If the story had been entirely from the kids' point of view, changing the characters so that they carried the story instead of being helpless puppets being dragged around everywhere, it could have been cool. Let the little girl ride Dumbo, finally getting her own act, just to make her father proud of her so he would pay attention to the kids more. Make them actually desperate for a mother figure instead of simply being cool with Colette hanging around. Let them progress past the sadness and deadpan expressions. It could have been interesting.
If the story had focused on Holt getting closer to his kids while coping with the loss of pretty much everything, that would have been an interesting story. Throw in more of the banter and character development between Holt and Colette, and it could have made for a beautiful and gently romantic story.
If the story had focused on DeVito figuring out where his true heart lay, in show business or making money, this could have been cool. Throw in a competent sidekick (or even just expand on the strongman character) and a maybe include a legit reason for the situation with the monkey, and this could have been interesting.

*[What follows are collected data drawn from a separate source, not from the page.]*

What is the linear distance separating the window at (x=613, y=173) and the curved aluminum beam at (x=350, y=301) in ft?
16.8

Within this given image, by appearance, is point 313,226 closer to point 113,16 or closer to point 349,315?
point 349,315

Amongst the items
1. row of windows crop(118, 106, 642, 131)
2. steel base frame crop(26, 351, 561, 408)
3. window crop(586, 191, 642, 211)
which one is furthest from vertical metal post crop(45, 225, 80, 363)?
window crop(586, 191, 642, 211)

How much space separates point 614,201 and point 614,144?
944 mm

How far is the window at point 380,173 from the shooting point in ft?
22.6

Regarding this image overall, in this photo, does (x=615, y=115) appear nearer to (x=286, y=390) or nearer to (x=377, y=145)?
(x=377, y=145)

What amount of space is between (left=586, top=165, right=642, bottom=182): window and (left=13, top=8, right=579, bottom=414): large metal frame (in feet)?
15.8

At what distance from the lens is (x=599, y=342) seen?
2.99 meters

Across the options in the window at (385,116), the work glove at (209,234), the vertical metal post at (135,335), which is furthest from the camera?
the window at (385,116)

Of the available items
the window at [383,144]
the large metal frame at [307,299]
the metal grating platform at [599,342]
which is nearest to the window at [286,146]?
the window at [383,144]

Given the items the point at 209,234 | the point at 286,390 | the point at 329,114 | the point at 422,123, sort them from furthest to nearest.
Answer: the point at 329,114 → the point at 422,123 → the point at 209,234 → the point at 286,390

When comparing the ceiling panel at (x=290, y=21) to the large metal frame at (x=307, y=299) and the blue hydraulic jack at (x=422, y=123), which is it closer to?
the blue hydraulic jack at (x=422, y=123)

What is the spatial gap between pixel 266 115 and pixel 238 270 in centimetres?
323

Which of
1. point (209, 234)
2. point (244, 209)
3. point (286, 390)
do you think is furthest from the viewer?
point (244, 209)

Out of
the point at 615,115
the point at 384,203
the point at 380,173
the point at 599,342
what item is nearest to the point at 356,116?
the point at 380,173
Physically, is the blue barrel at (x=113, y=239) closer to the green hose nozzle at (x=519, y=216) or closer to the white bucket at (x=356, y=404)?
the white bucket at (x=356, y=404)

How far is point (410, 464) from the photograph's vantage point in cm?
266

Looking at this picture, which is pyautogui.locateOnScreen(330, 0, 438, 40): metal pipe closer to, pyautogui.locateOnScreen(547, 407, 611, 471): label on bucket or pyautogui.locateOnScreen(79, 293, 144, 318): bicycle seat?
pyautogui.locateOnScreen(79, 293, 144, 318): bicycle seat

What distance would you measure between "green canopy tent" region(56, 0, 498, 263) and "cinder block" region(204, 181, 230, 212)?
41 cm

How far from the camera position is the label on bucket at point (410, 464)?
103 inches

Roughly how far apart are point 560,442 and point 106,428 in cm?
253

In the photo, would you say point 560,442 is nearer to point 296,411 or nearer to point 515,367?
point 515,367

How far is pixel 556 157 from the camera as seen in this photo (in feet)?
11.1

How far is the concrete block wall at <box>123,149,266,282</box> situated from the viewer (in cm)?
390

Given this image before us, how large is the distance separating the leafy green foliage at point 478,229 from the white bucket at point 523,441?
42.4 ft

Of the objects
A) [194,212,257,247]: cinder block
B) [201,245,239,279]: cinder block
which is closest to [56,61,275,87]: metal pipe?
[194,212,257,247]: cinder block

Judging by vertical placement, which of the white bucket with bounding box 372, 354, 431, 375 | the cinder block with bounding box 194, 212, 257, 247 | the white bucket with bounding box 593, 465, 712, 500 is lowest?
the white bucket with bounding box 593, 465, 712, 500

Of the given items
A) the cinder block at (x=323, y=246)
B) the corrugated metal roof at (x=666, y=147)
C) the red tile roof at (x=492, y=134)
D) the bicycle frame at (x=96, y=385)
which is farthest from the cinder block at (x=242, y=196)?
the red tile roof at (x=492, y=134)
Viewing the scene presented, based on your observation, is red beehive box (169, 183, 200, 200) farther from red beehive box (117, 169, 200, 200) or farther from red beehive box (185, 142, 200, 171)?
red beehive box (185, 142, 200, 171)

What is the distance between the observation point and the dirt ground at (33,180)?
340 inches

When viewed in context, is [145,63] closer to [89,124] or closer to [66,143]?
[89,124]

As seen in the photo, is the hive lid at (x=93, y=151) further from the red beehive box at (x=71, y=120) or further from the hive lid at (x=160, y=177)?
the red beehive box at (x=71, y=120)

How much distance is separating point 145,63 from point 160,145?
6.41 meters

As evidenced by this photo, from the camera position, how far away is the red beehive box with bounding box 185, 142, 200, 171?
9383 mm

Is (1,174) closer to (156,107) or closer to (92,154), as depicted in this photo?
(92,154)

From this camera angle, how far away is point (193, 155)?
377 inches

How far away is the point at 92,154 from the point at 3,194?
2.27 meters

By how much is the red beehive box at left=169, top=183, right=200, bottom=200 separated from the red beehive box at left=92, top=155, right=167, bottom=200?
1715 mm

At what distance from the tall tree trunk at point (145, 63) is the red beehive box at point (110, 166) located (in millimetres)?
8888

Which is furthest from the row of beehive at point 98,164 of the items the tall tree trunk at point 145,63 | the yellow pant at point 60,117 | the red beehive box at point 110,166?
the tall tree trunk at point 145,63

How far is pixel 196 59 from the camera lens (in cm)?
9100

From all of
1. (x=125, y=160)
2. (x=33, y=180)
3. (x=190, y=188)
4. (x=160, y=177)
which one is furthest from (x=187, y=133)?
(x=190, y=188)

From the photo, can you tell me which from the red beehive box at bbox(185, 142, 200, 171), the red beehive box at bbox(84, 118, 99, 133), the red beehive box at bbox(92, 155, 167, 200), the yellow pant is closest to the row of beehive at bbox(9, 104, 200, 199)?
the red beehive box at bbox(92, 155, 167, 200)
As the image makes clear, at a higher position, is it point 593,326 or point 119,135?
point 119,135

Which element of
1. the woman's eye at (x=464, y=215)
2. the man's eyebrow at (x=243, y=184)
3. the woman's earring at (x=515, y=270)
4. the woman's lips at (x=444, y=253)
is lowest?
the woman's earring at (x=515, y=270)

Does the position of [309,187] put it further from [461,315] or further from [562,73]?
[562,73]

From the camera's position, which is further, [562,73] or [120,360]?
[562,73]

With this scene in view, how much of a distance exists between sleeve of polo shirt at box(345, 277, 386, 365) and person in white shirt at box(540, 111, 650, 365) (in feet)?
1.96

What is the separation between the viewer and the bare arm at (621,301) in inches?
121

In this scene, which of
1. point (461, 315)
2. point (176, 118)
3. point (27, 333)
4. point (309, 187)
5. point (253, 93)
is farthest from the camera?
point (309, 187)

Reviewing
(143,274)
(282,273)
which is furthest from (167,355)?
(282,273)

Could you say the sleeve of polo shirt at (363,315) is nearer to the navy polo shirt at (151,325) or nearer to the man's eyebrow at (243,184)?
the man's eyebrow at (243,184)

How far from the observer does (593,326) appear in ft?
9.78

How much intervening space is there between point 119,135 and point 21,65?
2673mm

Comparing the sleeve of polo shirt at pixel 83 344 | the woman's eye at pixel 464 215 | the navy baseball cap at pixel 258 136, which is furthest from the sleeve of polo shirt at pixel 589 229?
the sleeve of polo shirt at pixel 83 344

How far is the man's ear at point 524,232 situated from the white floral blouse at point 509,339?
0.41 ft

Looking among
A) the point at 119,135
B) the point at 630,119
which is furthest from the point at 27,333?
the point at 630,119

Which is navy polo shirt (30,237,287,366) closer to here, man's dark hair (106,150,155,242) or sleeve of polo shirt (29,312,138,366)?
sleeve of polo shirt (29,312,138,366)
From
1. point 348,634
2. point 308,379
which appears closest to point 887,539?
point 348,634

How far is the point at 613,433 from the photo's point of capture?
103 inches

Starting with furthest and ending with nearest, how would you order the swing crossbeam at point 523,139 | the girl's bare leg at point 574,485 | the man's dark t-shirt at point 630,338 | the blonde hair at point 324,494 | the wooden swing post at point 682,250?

If the story had even circled around Keaton's character I would have been more engaged. It certainly wouldn't have been the first Disney film to center on the villain. Give him a redemptive arc, let him learn something from his mistakes. Let him take the good (legit good) ideas from the park and turn it into something amazing. Give him a change of heart, let him build an elephant sanctuary for Dumbo and his mom. Let him have legit reasons for what he does instead of just making him smile wickedly and leave you wondering what just happened.
Instead, the plot jumps from one thing to the next. You never spend enough time with one character to really feel anything for them. DeVito isn't funny, he's just annoying. The kids aren't cute, they're stiff and expressionless. Colette isn't engaging, she's stereotypical (and for pity's sake, how did she, a trapeze artist from the streets of Paris, know which lever to pull in the control tower to do the exact thing they needed to do?)
It wasn't even a feel-good animal film. Sure they rescued two elephants and a couple horses at the climax, but what about the other animals locked up on nightmare island? What about the other performing animals in the tents? Did they all die in the fire? And don't even get me started on the people stuck on the rides.
Definitely this film had redeeming qualities. The CGI animals where well done. Colin Farrell did a smashing job as Holt (barring the swearing) and came off as the most sympathetic character. His relationship with Colette was really the highlight of the movie for me. The scale of Keaton's park was fantastic and really made you want to visit.
Older kids, and diehard fans of the original will probably enjoy seeing the twists Tim Burton puts on this classic, but I would recommend passing for young children. Watch the original with the talking animals showing their unique perspective on circus life, and Timothy mouse as Dumbo's humorous and helpful sidekick. Or if you're just looking for a circus fix, watch The Greatest Showman. It has fewer animals but heaps more heart.